Approximately 1/2 mile further north of the wreckage of N87568, the floats of N5960H were located. They were resting in a swamp on their left side. They remained attached to each other only through the water rudder cable system. The left float was positioned ahead of the left float and was crushed at the bow of the float. The right float had a hole on its right side approximately 3 feet aft of the bow. The hole started near the middle of the float and angled forward and downward. There were red paint scuff marks along a linear indentation that aligned with the long axis of the hole.
Approximately 100 yards east of the floats a section of wing, approximately the outboard 2 feet, was located and the access panel to the remote gyro was labeled N87568. The fabric covering the section of wing was painted with red diamonds over a white base color.
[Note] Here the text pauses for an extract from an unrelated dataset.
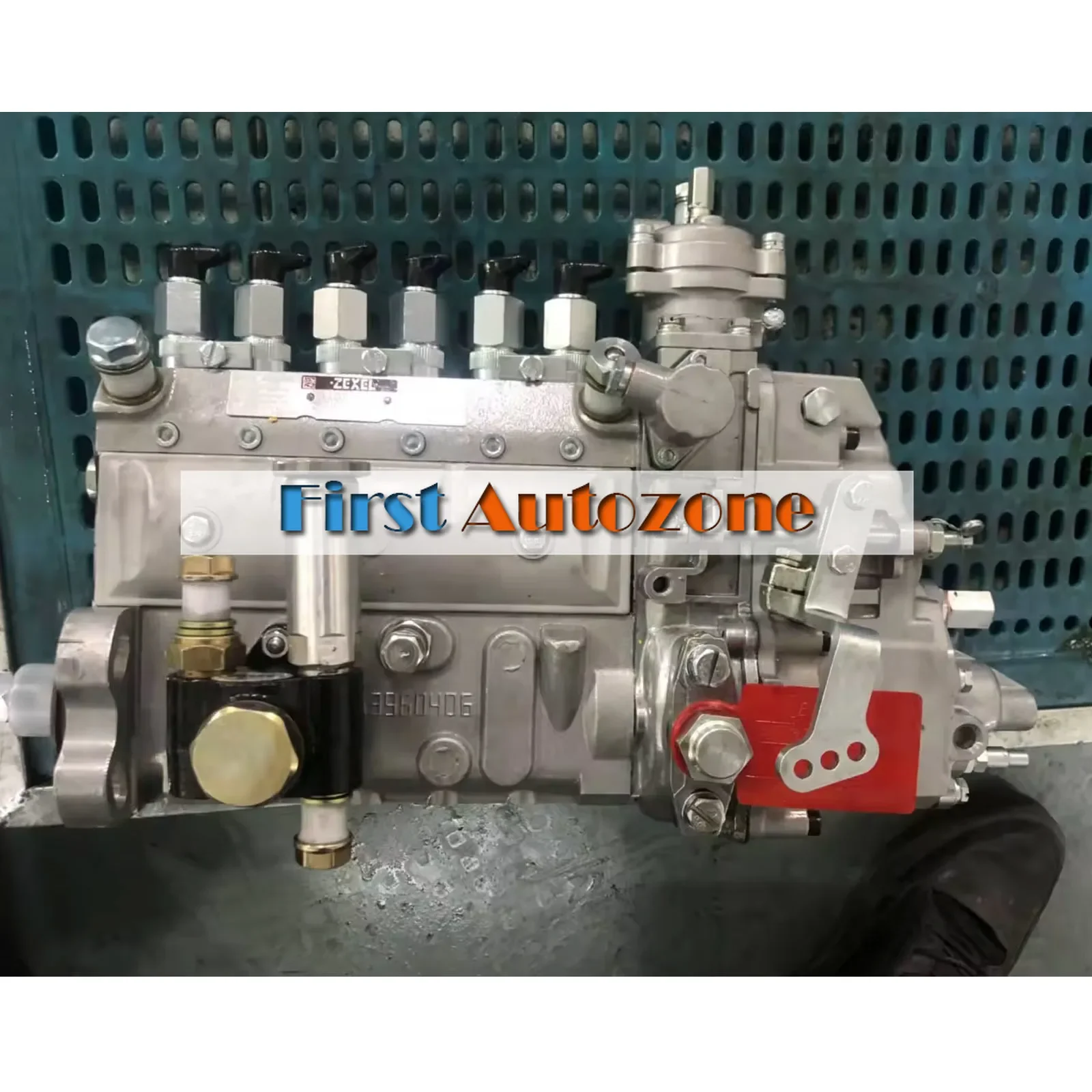 Новый топливный насос 4063335 101609-3601 для Cummins 6BT 5,9 Komatsu PC360-7
Новый топливный насос 4063335 101609-3601 для Cummins 6BT 5,9 Komatsu PC360-7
MEDICAL AND PATHOLOGICAL INFORMATION
Autopsies and toxicologies were performed on all occupants. According to the Pathologist, Roger F. Harding, M.D., Pathologists, Fairbanks Memorial Hospital, 1650 Cowles Street, Fairbanks, Alaska, 99701, the occupants died of multiple trauma received in an aircraft accident. Toxicology samples for James Stuhr, Racheal Stuhr, and Lee Tomlinson were negative. However, the toxicology report for Donald Sparks, the Pilot-in-Command of N5960H, showed positive for ethyl alcohol. The blood sample shoed a level of 0.060 gm/dl and the urine showed a level of 0.046 gm/dl. According to the Pathologist, he stated that these results indicate the recent ingestion of a moderate amount of ethyl alcohol.
According to information provided by the rescue personnel, the individual in the left seat of N5960H was Lee M. Tomlinson Jr. identified by his driver's license. The Pilot-in-Command position for this airplane was the left seat. Donald K. Sparks was a Certificated Flight Instructor and Lee M. Tomlinson Jr. had been taking float flight instruction from Donald K. Sparks.
The Pilot-in-Command for N87568, a tandem seat airplane, was seated in front seat.
The landing light for N5960H was examined and the filament was intact and unstretched.